The Board of Directors recently formed a Corporate Governance and
Nominating Committee composed of Mr. Childers and Ms. Mogford. The Corporate
Governance and Nominating Committee was established to address issues related to
the composition of the Board and assist the Chairman of the Board in overseeing
the operation of the Board in discharging its mandate and responsibilities.
During 1997, the Board of Directors held seven meetings, the Audit
Committee and the Compensation and Stock Option each met on three occasions, and
the Environmental, Safety and Health Committee met on two occasions. All
directors with the exception of Mr. Wise attended at least 75 percent of the
aggregate number of meetings of the Board of Directors and the committees on
which they served.
COMPENSATION OF DIRECTORS
Each director, other than those who are regularly employed officers of the
Company or its subsidiaries, receives a director's fee of $15,000 per annum and
an additional fee of $750 per day for attendance at meetings of the Board or its
committees. Directors are also reimbursed for their travel and other expenses
involved in attendance at Board and committee meetings.

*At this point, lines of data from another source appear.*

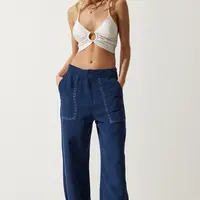 Happiness İstanbul Women's Navy Blue Embroidery Detail Muslin Trousers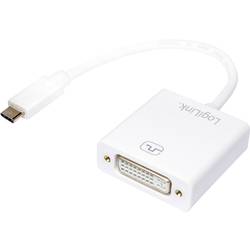 LogiLink UA0245A USB / DVI adaptér [1x USB 3.1 zástrčka C - 1x DVI zásuvka 24+5pólová] bílá 14.00 cm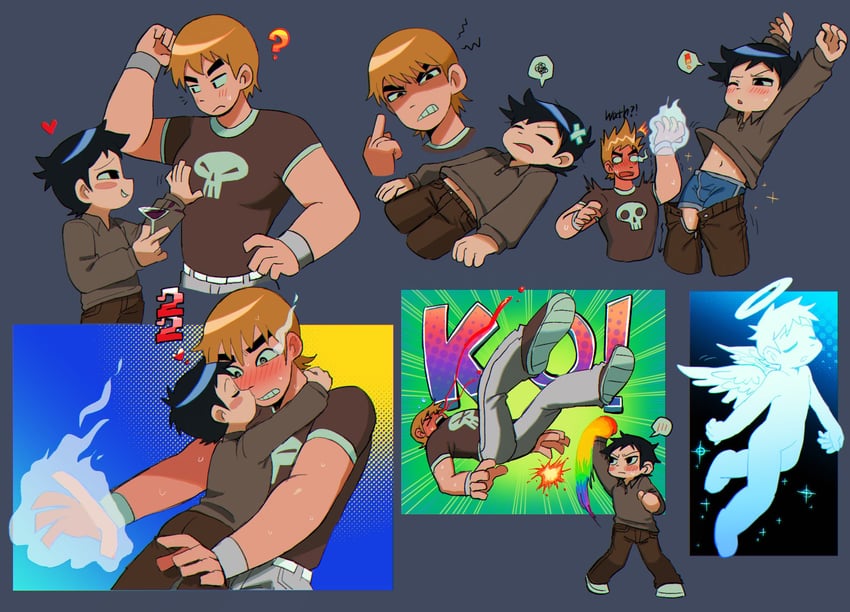wallace wells and todd ingram (scott pilgrim and 1 more) drawn by guruo_(gur_sp)
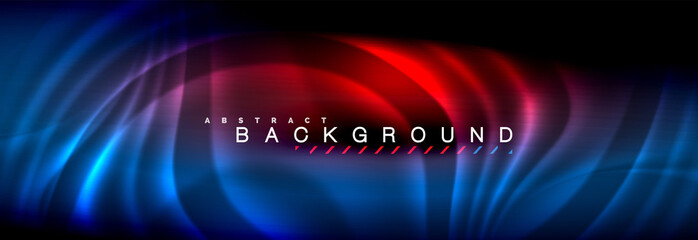 Neon glowing fluid wave lines, magic energy space light concept, abstract background wallpaper design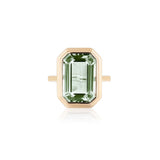 Manhattan Emerald-Cut Prasiolite Bezel Set Ring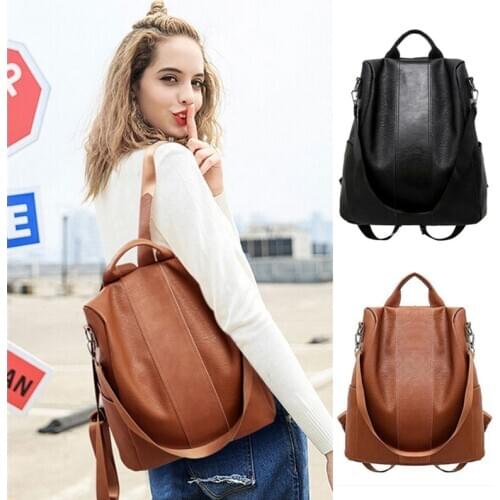 New Fashion Female Anti-theft Backpack Classic PU Leather Solid Color Backpack Canta Shoulder Bags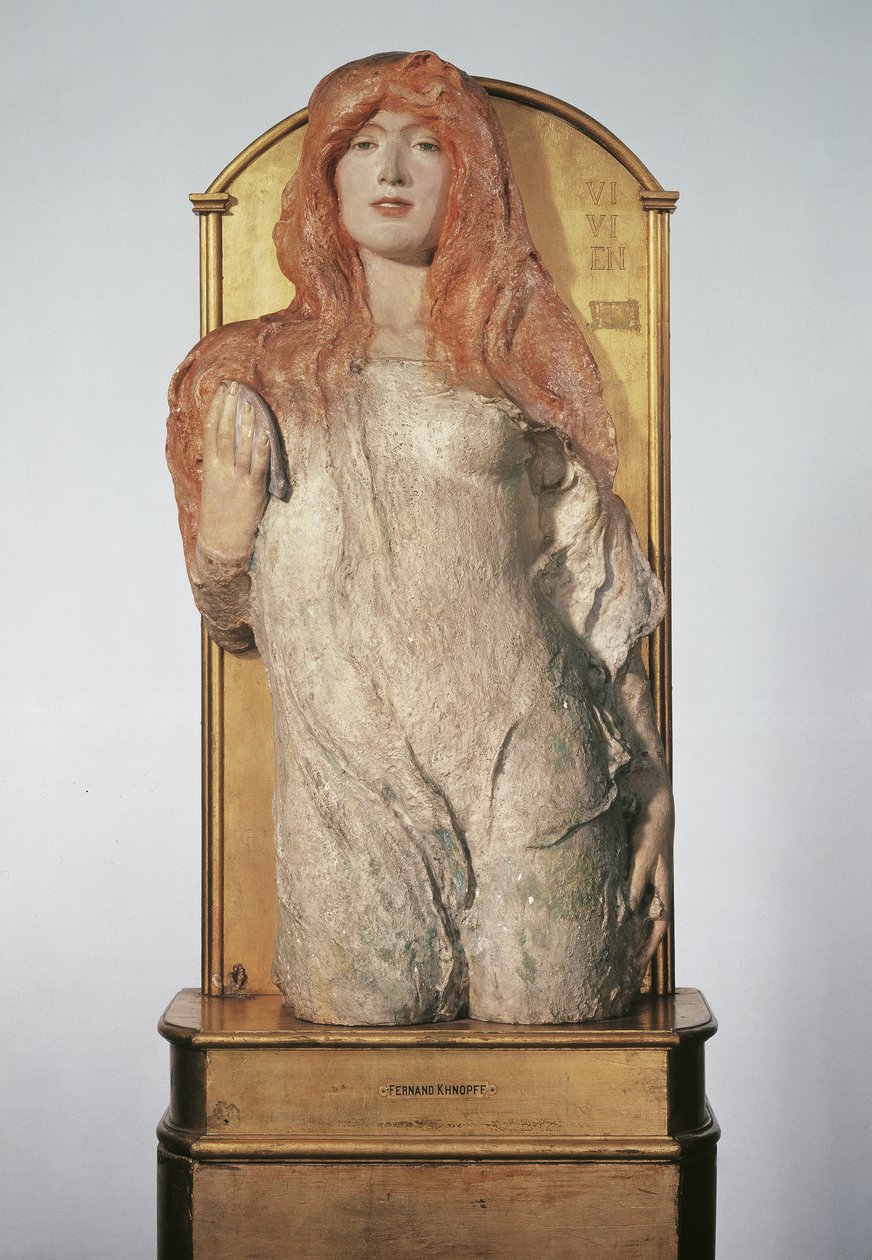 Egy nimfa fél alakja ("Vivien") alkotó: Fernand Khnopff
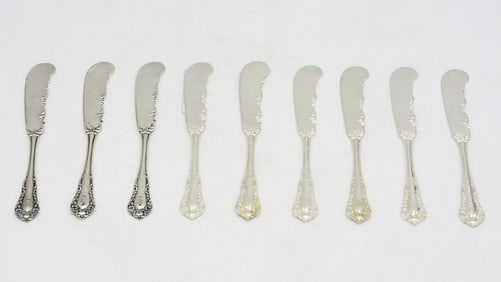 (9) Sterling Silver Butter Knives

Pursuant to the terms of
the Company's 1988 Deferred Income Stock Option Plan (the "DISOP"), a director
may elect to receive a non-qualified stock option in lieu of up to 100 percent
of the director's fee and per diem fees for attending Board or committee
meetings. To participate, the director selects an option strike price at a
discount from the then-current market value of the Common Stock and receives
options on a number of shares such that the aggregate discount is equal to the
amount of fees forgone. Mr. Wise participated in the DISOP in 1997, acquiring an
option to purchase 20,250 shares of Common Stock at an exercise price of $6.075
per share. Under the Company's Nonqualified Stock Option Plan for Outside
Directors, individuals who become nonemployee directors of the Company are
automatically granted an initial option to purchase 5,000 shares of Common Stock
on the date they become nonemployee directors. On the date of the annual meeting
of each year following the grant of the initial option, each incumbent
nonemployee director is granted an additional option to purchase 1,500 shares of
Common Stock. Each option granted pursuant to the Nonqualified Stock Option Plan
for Outside Directors has an exercise price per share equal to the market value
of a share of Common Stock on the date the option is granted, and such options
are not exercisable until one year from the date of grant. Directors who are not
also executive officers are not eligible to participate in any other benefit
plan of the Company.
The Chairman of the Board, Mr. Elers, retired as an executive officer of
the Company on February 28, 1997, and entered into a Consulting Agreement with
the Company. Pursuant to the agreement, Mr. Elers consulted with and advised the
officers, directors and other representatives of the Company through the end of
1997. The Company paid Mr. Elers $20,000 per month for his consulting services
and reimbursed expenses (including meals, lodging, transportation, automobile
mileage, telephone and other out-of-pocket expenses) reasonably incurred in the
performance of such services. In 1998, Mr. Elers will receive a fee of $6,250
per month for his service as non-executive Chairman of the Board.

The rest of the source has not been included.